Instant Analysis of Oral Arguments in Briscoe v. Virginia. What does Sotomayor’s Aggressive Questioning Portend?

January 11th, 2010

Today, SCOTUS heard arguments in Briscoe v. Virginia. Transcript available here.

This case may potentially reverse Melendez-Diaz. Everyone is focused on the vote of Justice Sotomayor, as Justice Souter cast the 5th vote to join Justice Scalia’s Motley Crew supporting his vision of the confrontation clause (Scalia, Thomas, Stevens, Souter, and Ginsburg) while Kennedy, joined by Roberts, Alito, and Breyer, dissented.

Anyway, of note, is that right out of the box, Justice Sotomayor asked the first several questions, specifically testing the outer-bounds of Melendez-Diaz.

Mr.

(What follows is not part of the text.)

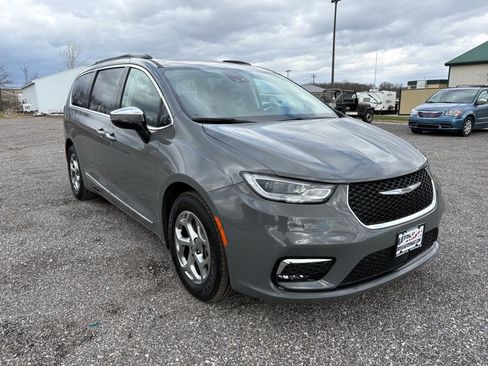 Used 2023 Chrysler Pacifica Limited FWD image 1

Friedman:  If the Court were to reverse Melendez-Diaz and hold that a State may impose on the defendant the burden of calling a prosecution witness to the stand, it would severely impair the confrontation right and threaten a fundamental transformation in the way Anglo-American trials have been conducted for hundreds of years.

JUSTICE SOTOMAYOR: The State court has interpreted their provision to give the defendant the choice of subpoenaing the witness or asking the State to bring in the witness. Why is that overruling Melendez-Diaz?

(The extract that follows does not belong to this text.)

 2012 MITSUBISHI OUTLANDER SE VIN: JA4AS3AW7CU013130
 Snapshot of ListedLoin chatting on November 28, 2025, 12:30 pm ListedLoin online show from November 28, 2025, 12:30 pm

MR. FRIEDMAN: Your Honor, the — the State courts, since the time of this case, since the time that these cases were tried, raised the possibility of asking the — that the defendant could ask the witness to bring — that the defendant could ask the prosecution to bring in the witness. It doesn’t really change anything from a straight subpoena statute in any — in either event.

Sotomayor continued grilling Friedman until Justice Scalia, the author of Melendez-Diaz,  jumped in on page 7 of the transcript. As well, she hit the Respondent with the first several questions.

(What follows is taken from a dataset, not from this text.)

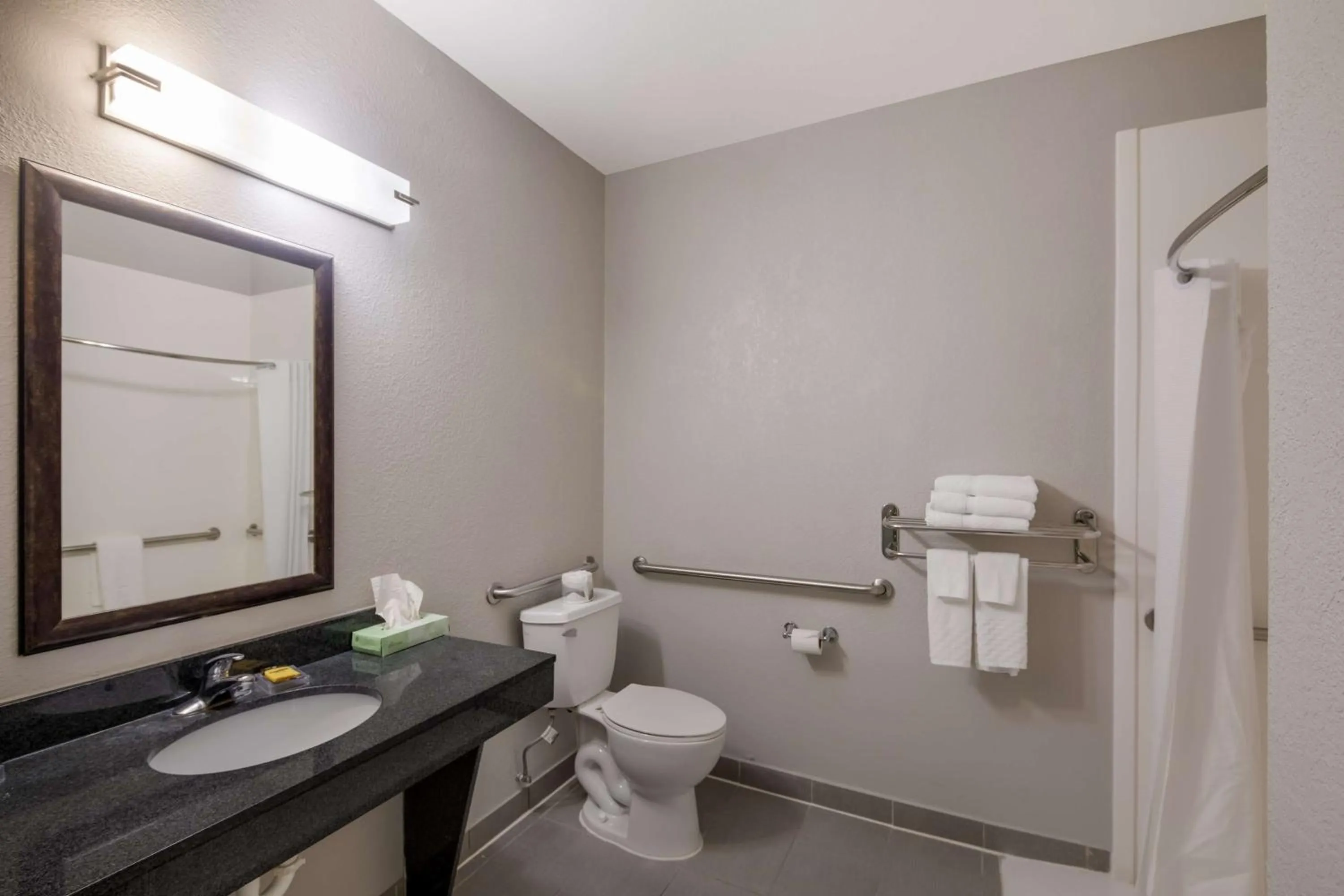 Bathroom in Best Western Plus Killeen - Fort Cavazos Hotel & Suites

Sotomayor seemed most interested in the Constitutional implications of Melendez-Diaz, rather than the policy arguments, Kennedy focused on in his dissent in Melendez. Tough call which way this will turn out. It is possible she is questioning the validity of extending Scalia’s majority. It is also possible she doubts Scalia’s view, and is trying to poke holes. We shall see.